We also remind adult users that the visual format of our game — playing columns, win animations, sound design — is specifically intended for an audience that has the cognitive and emotional maturity to maintain clear distinctions between entertainment and financial activity. If you are an adult who struggles with that distinction in the context of real-money gaming, please review the self-check and resource sections below before playing. Our goal is that BOK, LLC be a genuinely relaxing experience — not a rehearsal for behaviours that could cause harm in a different context.
BOK, LLC was designed to be a low-stimulation, visually calming experience. The BC rainforest aesthetic — muted jade greens, cedar ambers, soft mist tones — was chosen deliberately to create an atmosphere closer to a nature walk than a entertainment platform floor. Bright flashing lights, aggressive sound cues, and high-tempo animations are absent by design.
If you open BOK, LLC and feel your heart rate go up, if you feel a sense of urgency about the outcomes, or if losing virtual credits makes you feel frustrated or anxious — those are signals that your relationship with the activity may be worth examining. Healthy play with a free social game should feel something like reading a book or completing a sudoku: engaging, perhaps absorbing, but fundamentally calm and restorative. It should not feel like a high-stakes event.

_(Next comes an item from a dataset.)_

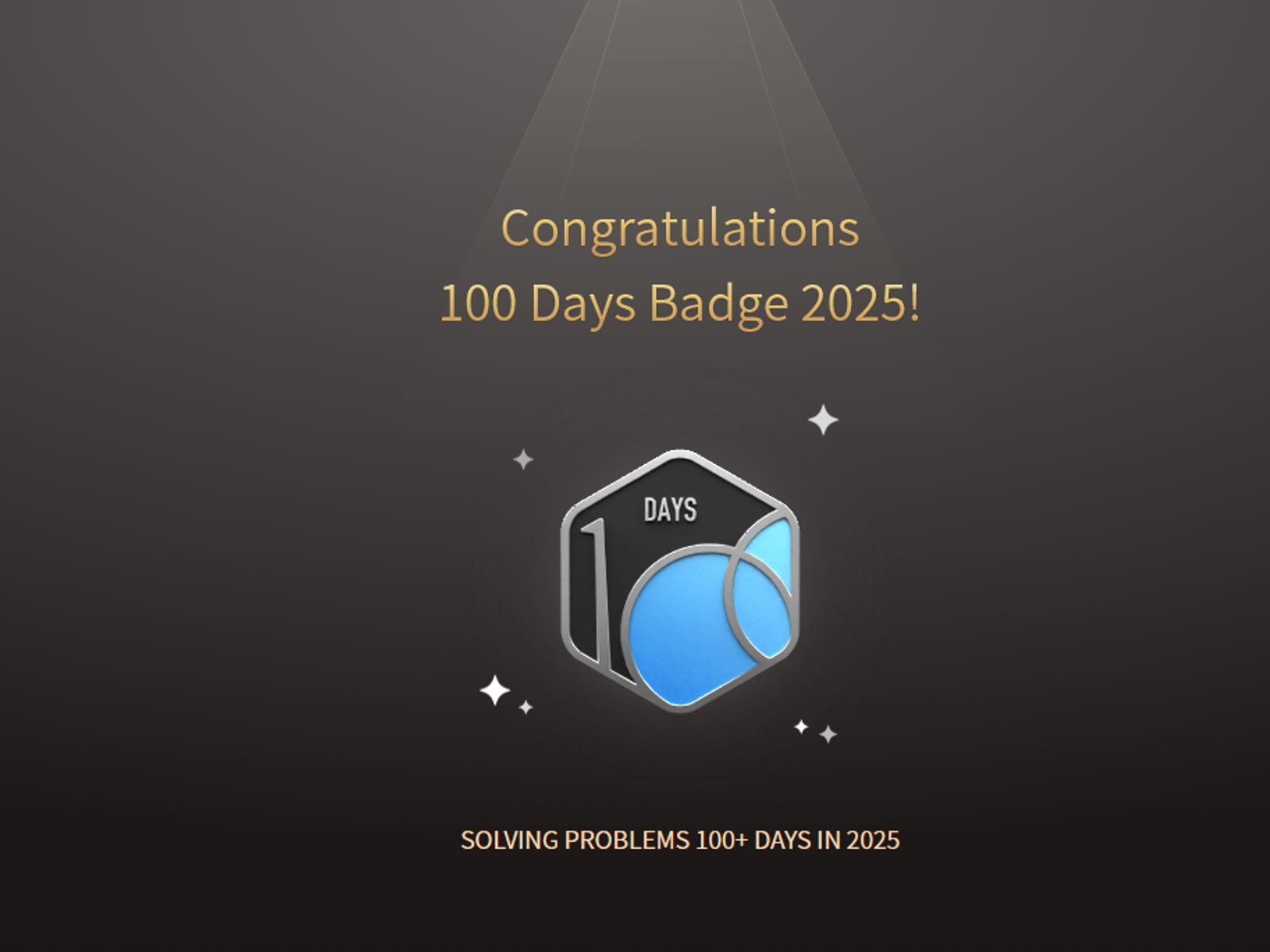 LeetCode 100 Days Badge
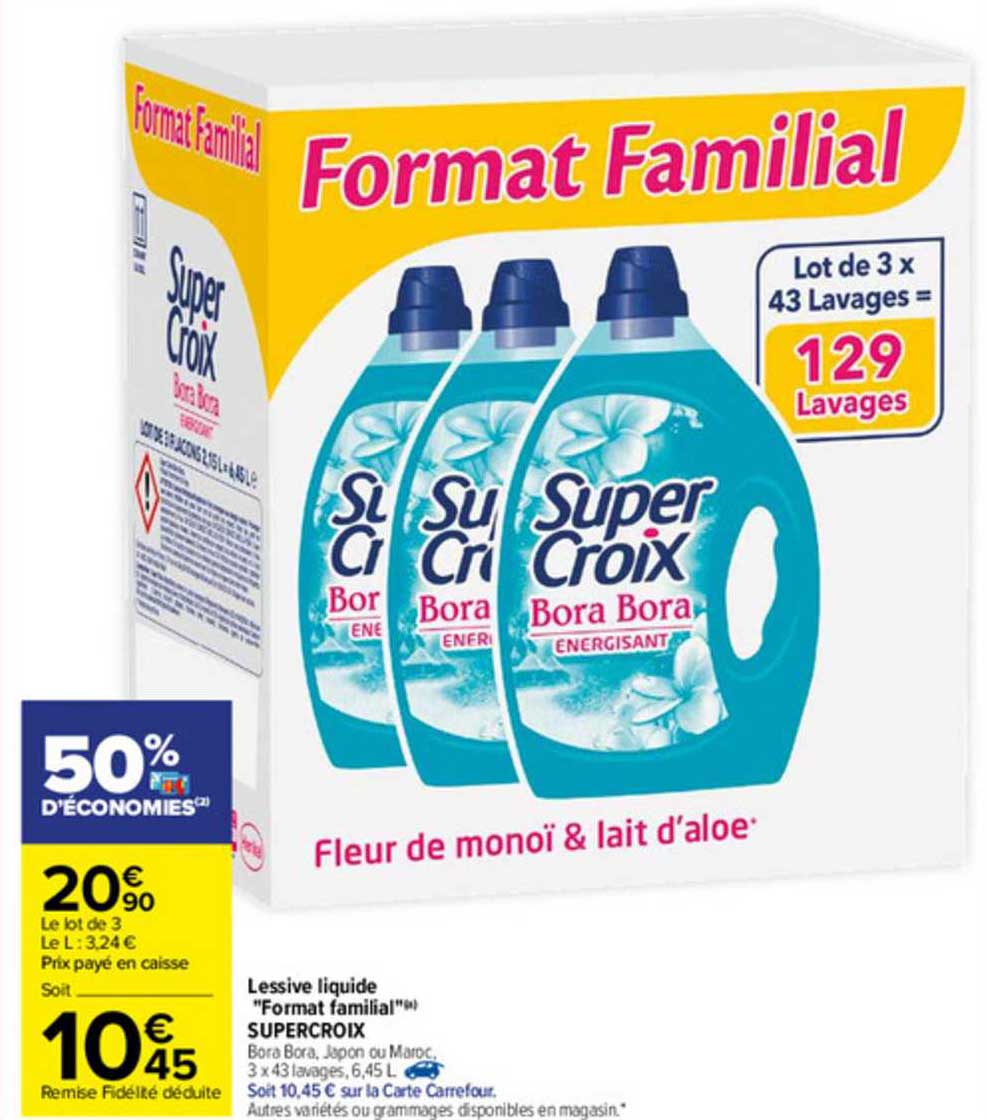 lessive liquide "format familial" supercroix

We believe the best indicator of whether you are playing well is simple: does it feel good? Not the excitement of a win, which fades quickly, but the overall ambient quality of your time on the site. Are you more relaxed after a few minutes than you were before? Are you choosing to play because you want to, not because you feel you need to? Is the game one activity among several you are enjoying today, rather than the only thing you can think about? If the answers to those questions are yes, enjoy the forest. If they are not, the rest of this page is for you.
The simplest responsible-play principle: when play stops being enjoyable, stop playing. This sounds obvious, but it is surprisingly easy to continue an activity past the point of genuine enjoyment — especially with column-style games, where the rhythm of playing creates a kind of momentum. That momentum is not your friend when the fun has gone.

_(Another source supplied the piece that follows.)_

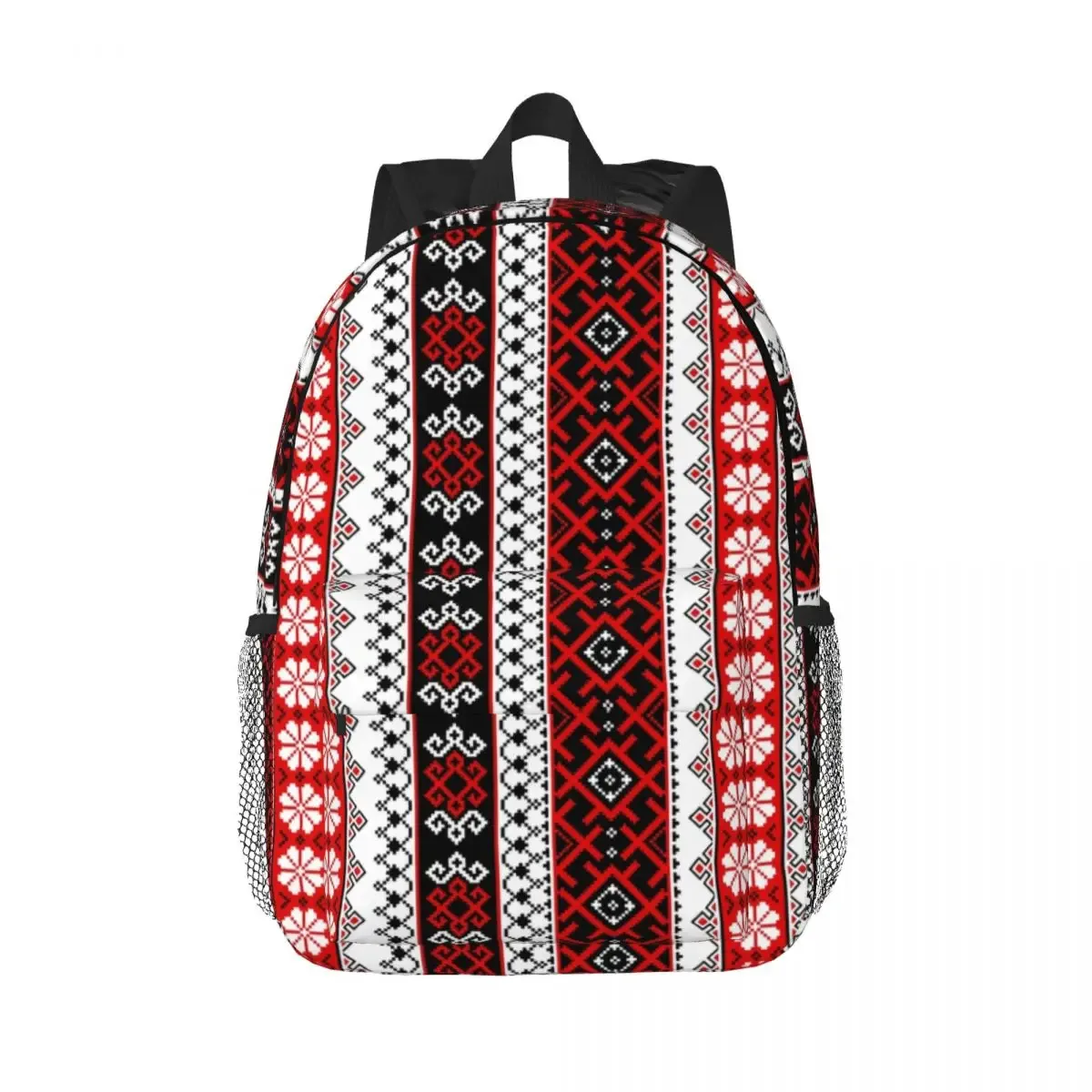 sac à dos brodé d'ornement pour hommes et femmes, degré d'eau, école universitaire, sac boho, sacs à livres d'impression, ukraine 21e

Common reasons people continue playing past the enjoyment point include: chasing a win to restore a credit balance they feel attached to; playing to fill time rather than because they actively want to; using the repetitive rhythm to numb an uncomfortable feeling; and feeling like stopping would be giving up. None of these are good reasons to keep playing. Virtual credits on BOK, LLC have no value, so there is nothing to recover. Time fills itself. Uncomfortable feelings are better addressed directly. And there is no competition to give up on.
Practical technique: before you open the game, set a time limit. Even something as simple as "I will play for fifteen minutes" is enough. When the timer goes off, close the tab. You can always return another time. Building this habit protects against session creep and keeps the activity in its proper place in your life — as one of many things you do to relax, not the thing that fills every available moment.

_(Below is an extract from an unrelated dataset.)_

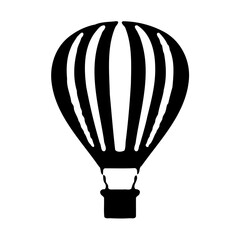 Obraz premium Stylized Black Balloon Silhouette on Pure White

If you find it difficult to stop when you intend to — if you regularly override the limits you set for yourself — that is a meaningful sign. It does not necessarily mean you have a problem, but it means the activity has begun to exert more pull over your behaviour than a simple entertainment product should. The self-check section below has five questions that can help you assess this more clearly.
The following behaviours and feelings can indicate that a social game — or any gaming activity — is beginning to have a negative effect on your life. These signs apply to social games even though no real money is involved, because the patterns of thought and behaviour that precede gambling harm can develop in any context that activates similar reward pathways.
If you recognise several of these in yourself, please read the "What to Do If Something Feels Off" section below and consider reaching out to one of the support organisations listed at the bottom of this page.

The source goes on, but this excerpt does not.